So lady friend keeps digging through my boxes of old drafts and she happened upon this one opening that used to be the opening I wanted for this project but I decided it was just too much and too confusing and too grandiose. She disagreed and said it would get everyone's attention immediately. Feel free to tell me your thoughts, either way.
I'm posting this video version of the song because the girl's dancing is ridiculous, but also kind of the reaction I was looking for - a song you've never heard of and yet you just kinda like it and you don't know why.
Before the audience meets or even sees any character, the camera would fade from black into this:
So the camera fades into a panoramic view of another galaxy, one unknown.
It's an enormous static shot filled with oddly colored planets, stars, suns, meteors, all of which is animated in a semi-childlike way. It is a gigantic shot where an obviously great distance is between the "front" and “back” of the screen.
The scene is most colorful in the center. But a black speck keeps coming closer and slowly starts swallowing more and more of the screen.
A ship flies into the monolith but comes out the other side, as though it were only passing behind it. As it gets closer, the audience can see that it's spinning. It's reminiscent of the monolith in 2001. It gradually keeps coming closer to the screen.
The vibe is slow, moody, strange.
Halfway through the song, it's close enough that the audience can see it's a coffin. Not animated in a childlike way. The camera still does not move. The space coffin keeps getting closer and closer, spinning gracefully.

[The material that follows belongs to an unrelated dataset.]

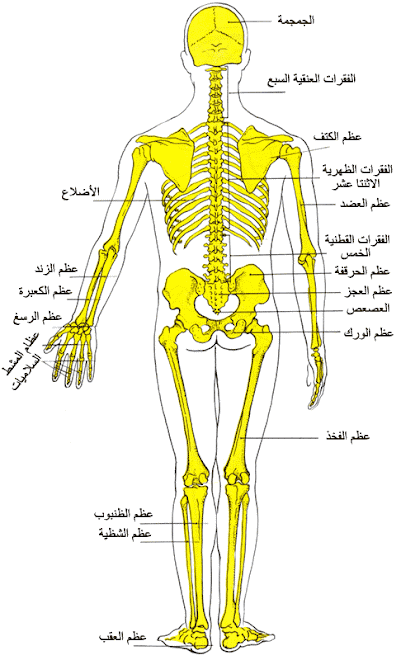 منتديات لك النسائية الأرشيف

Near the end of "Bad News From The Stars," when the track seems to be over, the coffin finally engulfs the screen into blackness aggressively, as though the point of its trip across the void was to absorb the camera / viewer.
The screen goes to black.
The sound of a giant spacecraft is passing over directly overhead. It is loud enough to make the theater seem to shake. While in blackness, the audience hears the last words of the song, but they are intensified and reverberate. There is silence and blackness remains.
The idea was to make the audience wonder what the fuck was going on - as in watching the intro to Eraserhead by David Lynch ... but not alienating them. It's difficult to surprise an audience these days without gimmicks or making them decide to just watch reruns of The Office instead.
The pay off would be at the end of the movie, when the scene basically plays in reverse and leads into the credits.